Girlswithgoodbodieslikeboyswithferarris · Today 09:02
Not really. Education budgets are set by local authorities, but that is divided up between schools based on how many pupils go there. Decreasing pupil numbers actually means larger classes, less teachers, less resources (because collectively buying resources is cheaper in larger quantities, and resources eg textbooks, non consumable stationery can be shared between multiple classes)
So if a school got £2k per pupil and had 1500 pupils, they would have a budget of 3 million, but if 300 of them went to the private school, they would only have £2.4 million.

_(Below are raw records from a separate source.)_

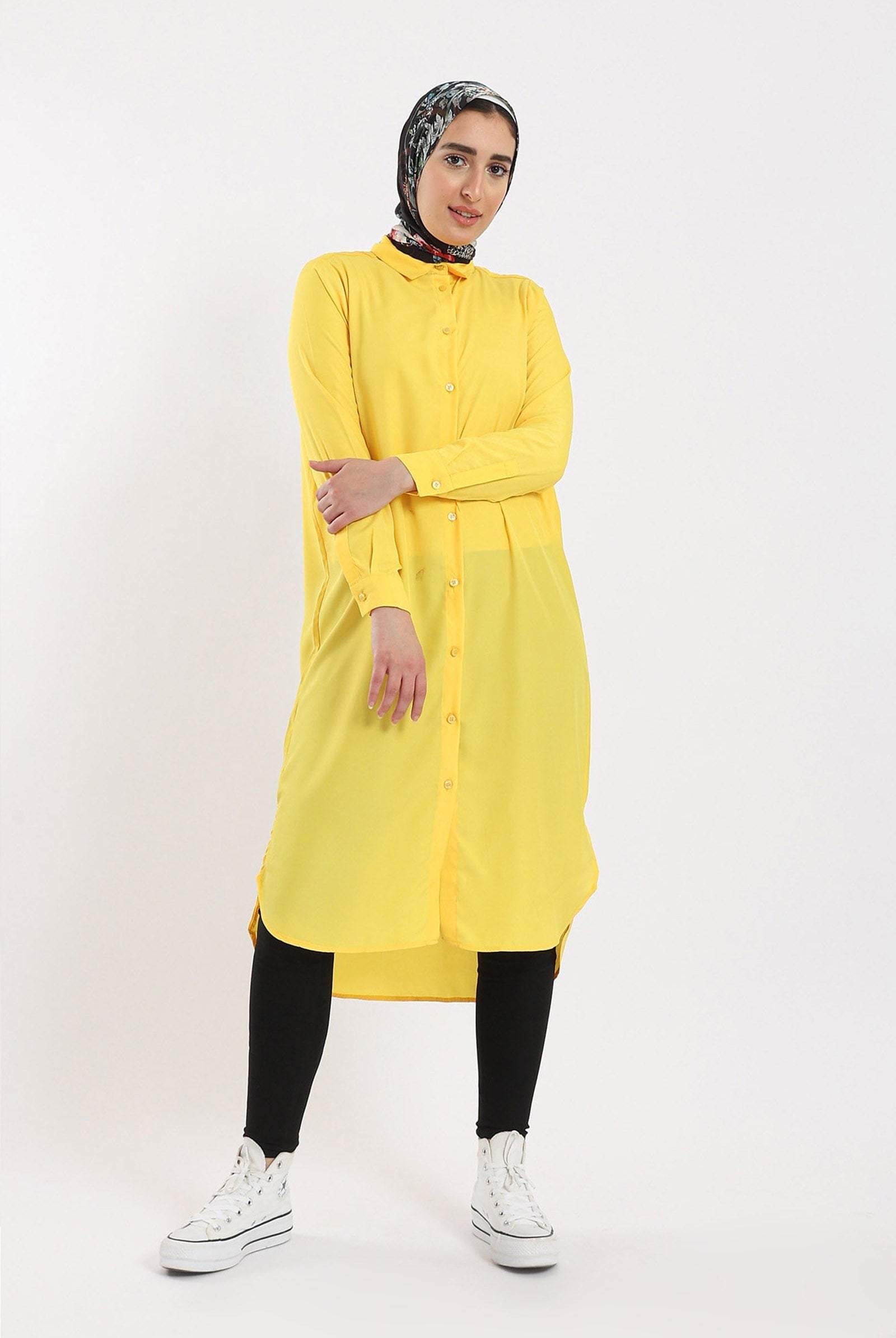 كارينا فستان قميص ميدي بأزرار أمامية بأكمام طويلة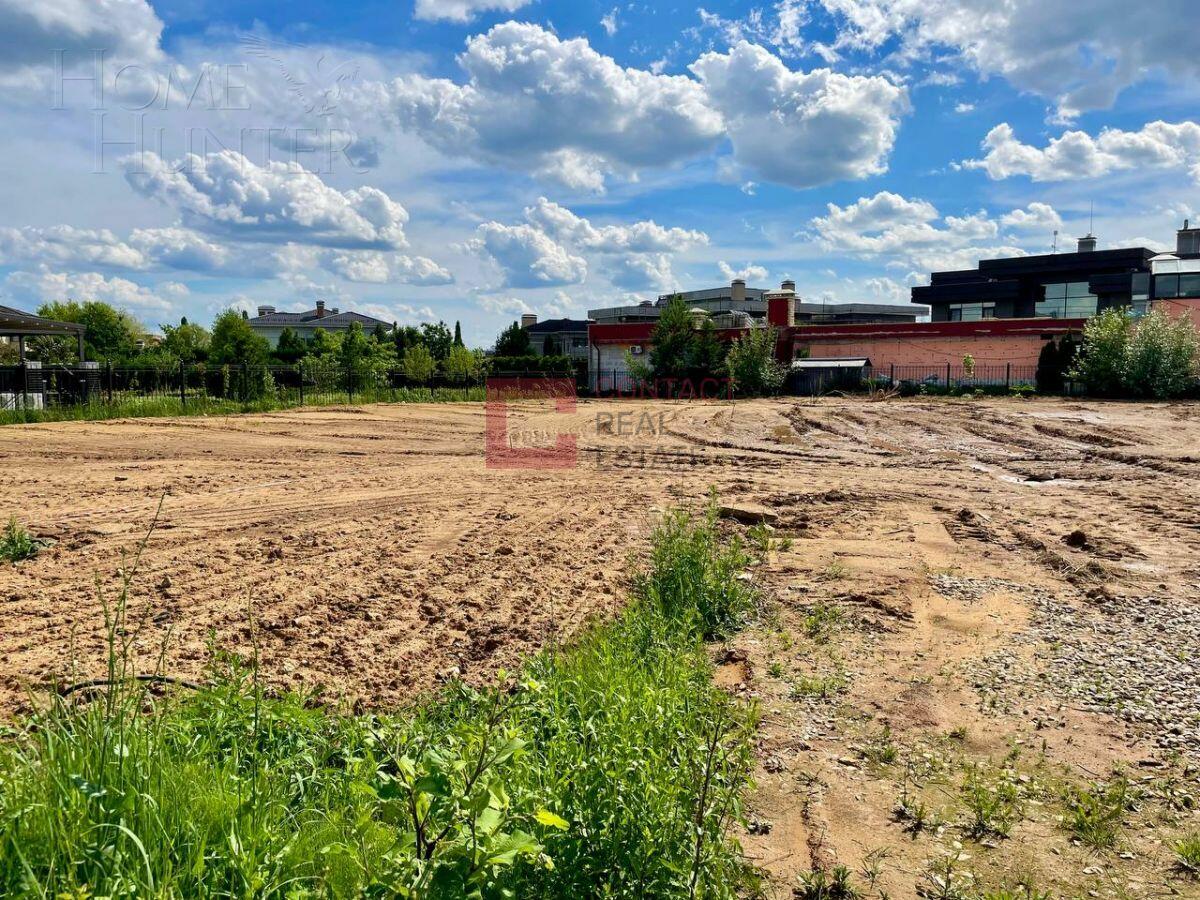 Участок 9 сот. в охраняемом поселке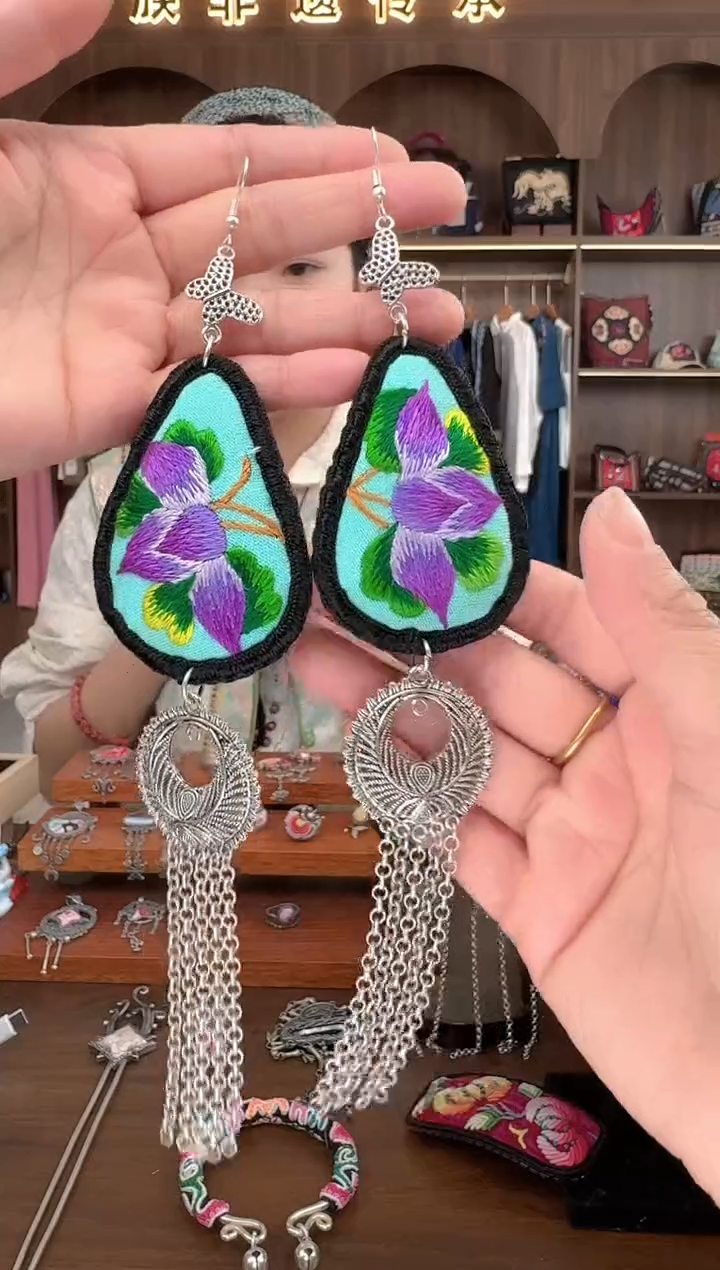 【闪购商品】织绣扶光苗绣传承96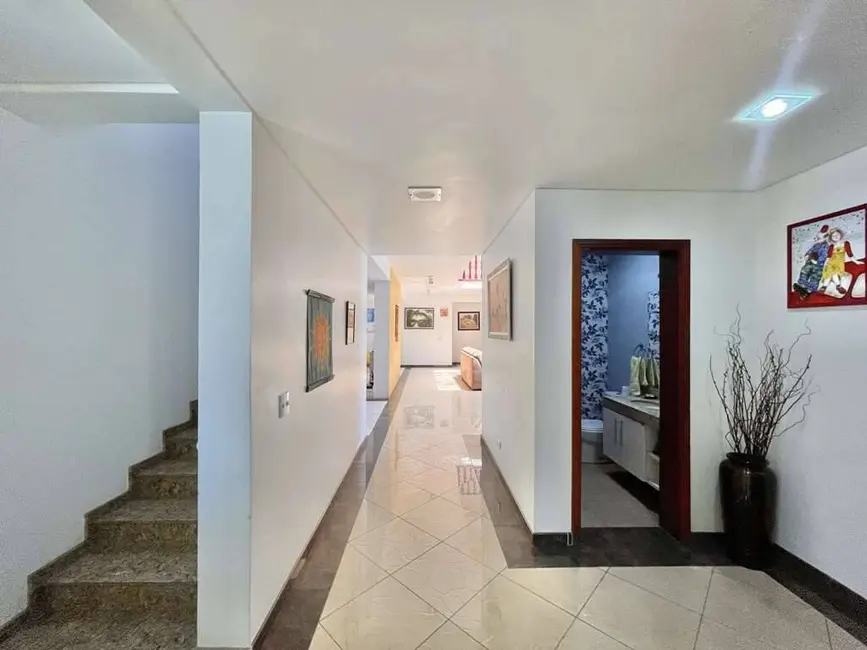 Foto 8 de Casa de Condomínio com 6 quartos à venda em Golf Gardens, Carapicuiba - SP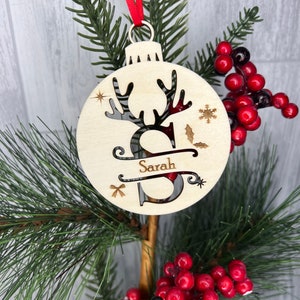 Adorno inicial, etiqueta de regalo inicial, decoración navideña, etiqueta de regalo, hogar y decoración, bola de navidad, árbol de Navidad, adorno de cartas, etiquetas de favor,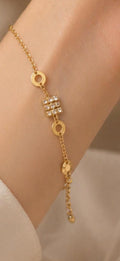 Elegant Gold Crystal Charm Bracelet for Women – Adjustable Minimalist Jewelry Gift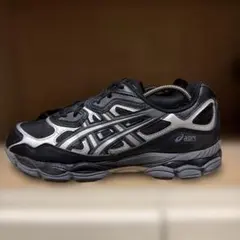 完売品！ASICS GEL-NYC BLACK silver テック系　y2kのサムネイル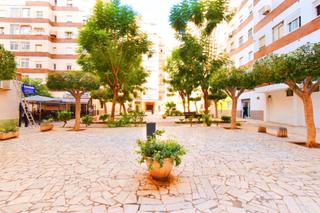 Piso en Oliveros - Altamira. Piso en pleno centro de almería! oliveros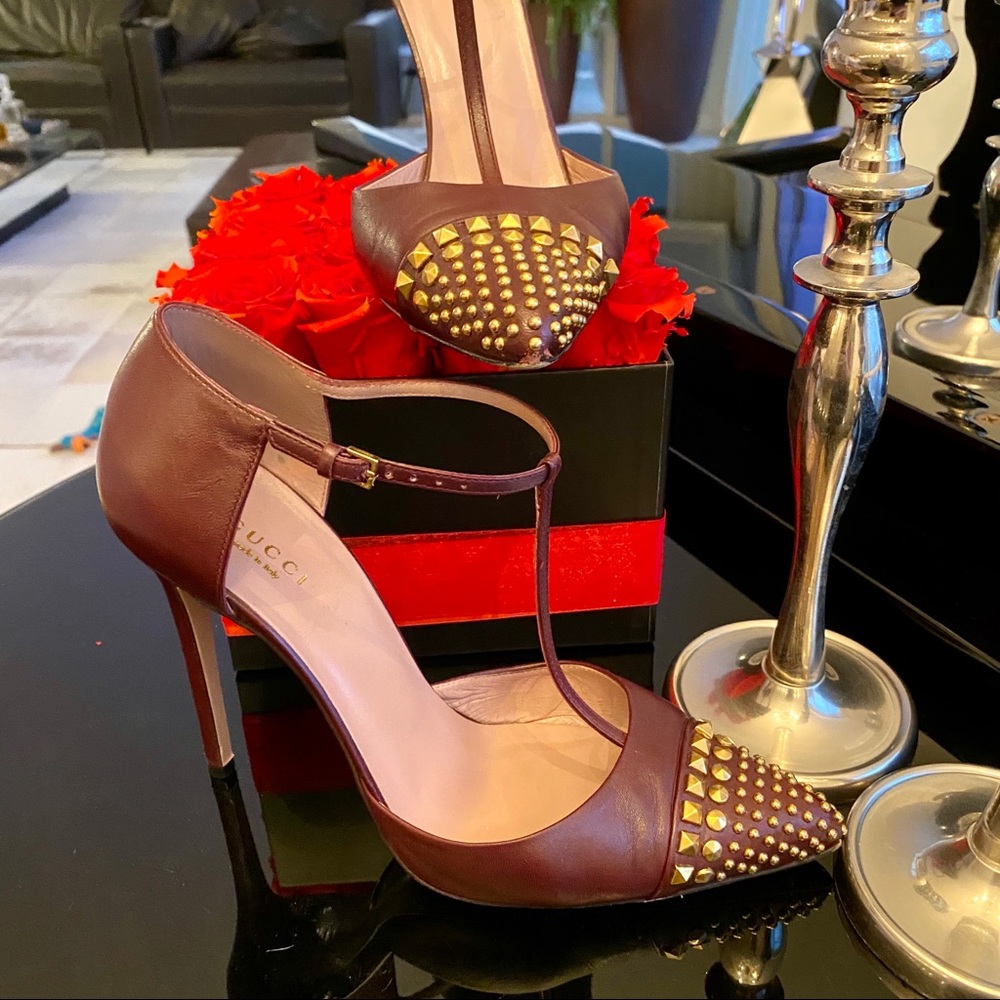 🎉HP🎉 AUTH GUCCI COLINE STUDDED T-STRAP PUMP - Picture 6 of 16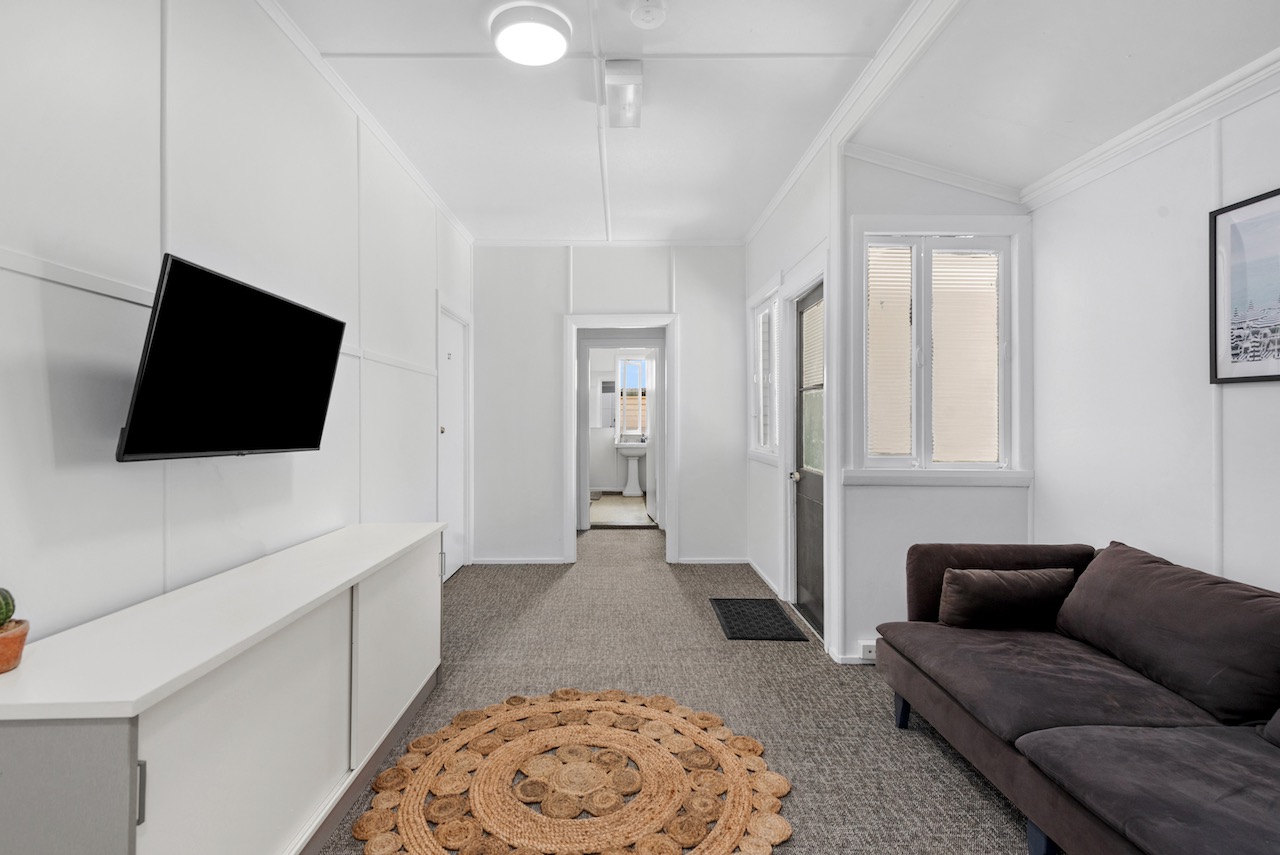 “City View Lodge”, 117 Lytton Rd East Brisbane Huddle Property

They might need to cut two teachers out, meaning class sizes increase, and each department has £1000 cut off their budget, so no textbooks, no new pens, no technology.
Decreasing school roles is a big, big issue for schools - whether that is due to a decrease in birth rate, out migration, or people not sending their kids to their local school.
Yes, I can see more children attending a school means a bigger budget for that school.
But the bigger school budget following from taking in the ex-private school pupils,
would be paid for by the state and therefore would be a bigger burden on the state (even given what you are saying about it not just working in a per capita way).
It isn’t as though the ex-private school pupils would be donating their now unused fees to the state school they attend instead.
If what you say is true, what is wrong imo
is the state/council not ploughing that money they save (by pupils going to private instead of state schools) back into the state schools.